To get matplotlib, we need to install pillow and kiwisolver and kiwisolver from the wheel files as well:

# Setting up a venv
virtualenv -p python3 panda_matplotlib_example
. panda_matplotlib_example/bin/activate

mkdir -p panda_matplotlib_lambda_layer/lib/python3.8/site-packages

# Installing all the C dependent packages.

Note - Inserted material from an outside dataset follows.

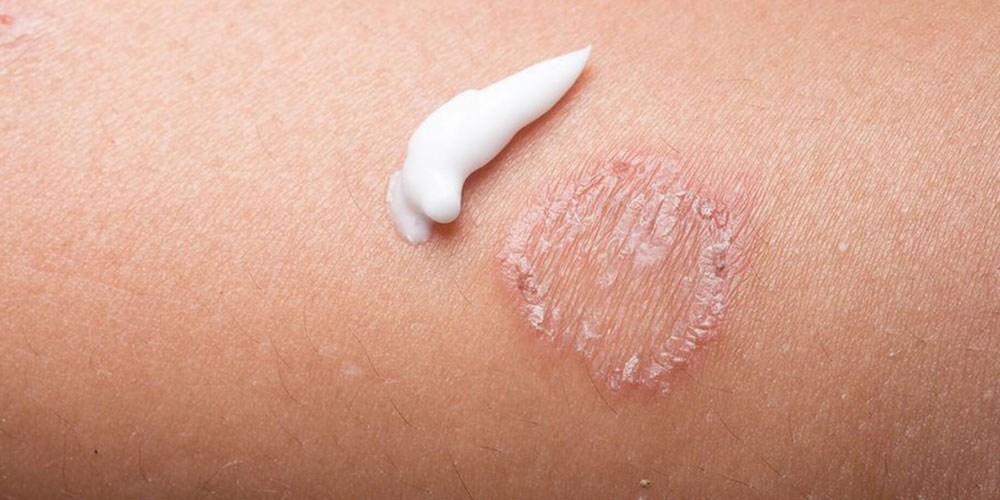 Close up of skin with dab of cream above infection.
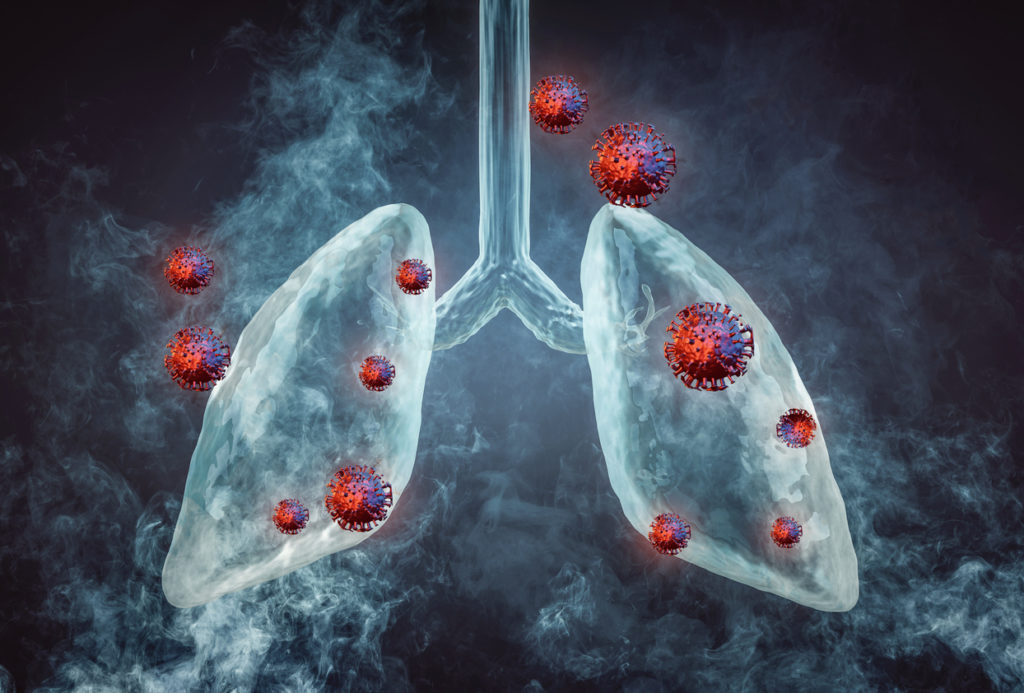 stem cell lung Pakistan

Make sure htey are all manylinux and x86
pip install pandas-1.0.5-cp38-cp38-manylinux1_x86_64.whl -t panda_matplotlib_lambda_layer/python/lib/python3.8/site-packages/.
pip install matplotlib-3.3.0-cp38-cp38-manylinux1_x86_64.whl -t panda_matplotlib_lambda_layer/python/lib/python3.8/site-packages/. --upgrade
pip install kiwisolver-1.2.0-cp38-cp38-manylinux1_x86_64.whl  -t panda_matplotlib_lambda_layer/python/lib/python3.8/site-packages/. --upgrade
pip install Pillow-7.2.0-cp38-cp38-manylinux1_x86_64.whl -t panda_matplotlib_lambda_layer/python/lib/python3.8/site-packages/. --upgrade
pip install numpy-1.19.1-cp38-cp38-manylinux1_x86_64.whl -t panda_matplotlib_lambda_layer/python/lib/python3.8/site-packages/. --upgrade

# zip all files
cd panda_matplotlib_lambda_layer
zip -r ../ * --quiet
cd ..

# Deactivate and remove venv
# Remove  virtual env, and all non-zipped files
rm -r panda_matplotlib_example
rm -r panda_matplotlib_lambda_layer

As these packages all depend on each other I find it much easier to install them in the same lambda layer.

I did try to get seaborn set up, but seaborn requires SciPy and that took the unzipped code over the 250MB limit. I also tried to get plotly working, but struggled with finding the appropriate wheel files for psutil.